In his review of 2021, the group’s CEO has pointed out that, in a context in which investments in ‘oil & gas’ fell by almost half, their order book was at the lowest levels in their history and they closed with some “disastrous” results of losses of 32.2 million and sales of 365 million.

In this context, they focused “on what is essential” which was to “cover the wound” for the greatest possible cost reduction (30 million), guarantee the financial position and not stop commercial activity, all of this to “reposition Tubacex for the future”.

The measures adopted, in addition to reducing costs, have allowed them to increase flexibility and focus on products with high added value. Along with this, “important steps” have been taken in diversification, with relevant orders in the aerospace and hydrogen fields, in addition to signing more than 20 long-term agreements with customers. “The group has come out of the crisis very strengthened,” added its president.

Despite the fact that 2021 closed with losses, it was possible to return to profit in the last quarter and the firm has an order book of more than 500 million based on “less tons and more added value” and an “expanding” energy market .

The president of Tubacex has stated that the beginning of the year has been marked by “quite strong instability”, on the one hand, by energy-based inflation and by “high” prices of raw materials.
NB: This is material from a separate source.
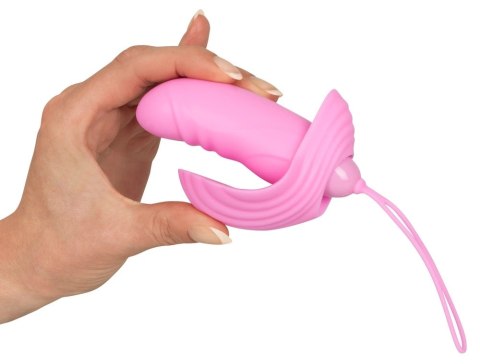 Sweet Smile Mini Wibrator Rożowy 8cm z Funkcją Zdalnego Sterowania Sweet Smile Mini Wibrator Rożowy 8cm z Funkcją Zdalnego Sterowania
Along with this, the changes in monetary policies and the geopolitical situation have not helped.

Esmorís has specified that it was in the second part of 2021 when the market was reactivated and now they are “relatively optimistic” regarding the short and medium term.
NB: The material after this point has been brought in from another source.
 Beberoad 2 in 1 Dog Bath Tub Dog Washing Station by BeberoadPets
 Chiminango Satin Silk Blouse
Therefore, if the positive evolution continues and with a market in recovery despite the existence of “many external doubts”, they expect to obtain results in 2022, both in Ebitda, sales and profit, above those of 2018 and 2019, year the latter that closed with a profit of 11.1 million, sales of 613.5 million and an Ebitda of 67.1 million, which in 2022 is expected to be above 70 million compared to 17.5 million in 2021 .
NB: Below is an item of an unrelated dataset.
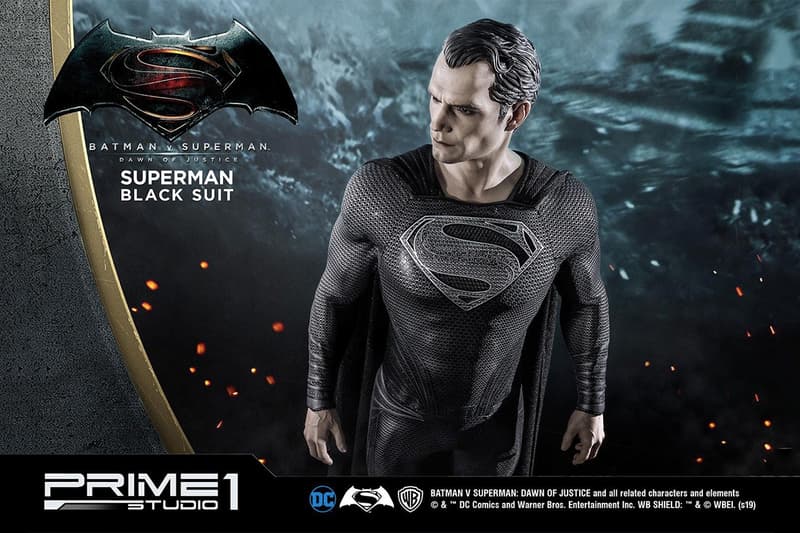Prime 1 Studio 推出《Batman V Superman》黑色超人裝版本 1:2 模型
The CEO recalled that revenues almost doubled in the first quarter and the “strong” order intake continues. His greatest concern has to do with the inflation of raw materials and, above all, the energy cost, which “weighs down the operating account”.


At this time, all its group companies are in profit, except for the Basque plants, which in the first quarter of the year continued to make losses, especially due to energy costs that have “multiplied by four or five”. In any case, he has stated that they are “on the way to a solution”.

In addition, it has recognized that the salary freeze agreement closed at its Llodio and Amurrio plants after months of strike in 2021 “helps” the situation, but “what helps the most is the commitment to fewer tons and greater added value”.

Thus, García has pointed out that greater added value can be achieved because the agreement reached has made them “more competitive”. “If we continue along this path and go to new technologies and we are able to add more value with fewer tons, who says that added value cannot be done in the Basque Country”, he said.

Esmorís, who has recognized that “fewer tons means fewer people”, has specified that, in the case of its factories in the Basque Country, there is no forecast of another restructuring, although neither is there a “much increase in the workforce”. He added that the Basque plants right now are “well positioned, in the right products and, if things are done well, there is stability without a doubt”.